### [Assignment]
Your answer must be the exact lines of the listing below that run from the line with "In the event" to the line with "Hello, this is", ends included, and no pictures.

### [Exercise material]
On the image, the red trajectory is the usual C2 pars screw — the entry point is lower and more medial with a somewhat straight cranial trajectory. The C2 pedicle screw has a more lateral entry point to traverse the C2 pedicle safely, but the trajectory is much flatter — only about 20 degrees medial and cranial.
==
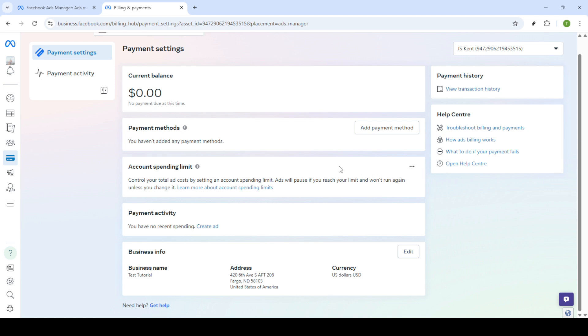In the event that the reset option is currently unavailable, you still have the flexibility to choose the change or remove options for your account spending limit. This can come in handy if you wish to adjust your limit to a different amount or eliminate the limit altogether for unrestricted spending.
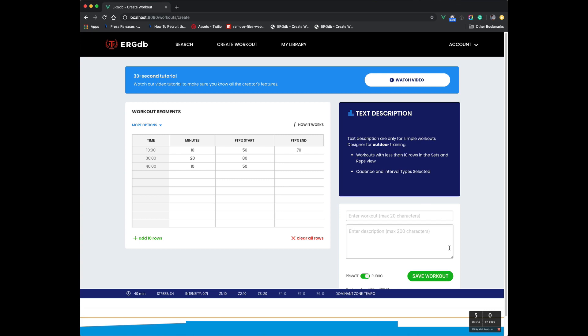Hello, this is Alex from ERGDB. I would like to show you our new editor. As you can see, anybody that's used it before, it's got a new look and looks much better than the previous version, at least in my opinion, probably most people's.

### [Answer box]
In the event that the reset option is currently unavailable, you still have the flexibility to choose the change or remove options for your account spending limit. This can come in handy if you wish to adjust your limit to a different amount or eliminate the limit altogether for unrestricted spending.
Hello, this is Alex from ERGDB. I would like to show you our new editor. As you can see, anybody that's used it before, it's got a new look and looks much better than the previous version, at least in my opinion, probably most people's.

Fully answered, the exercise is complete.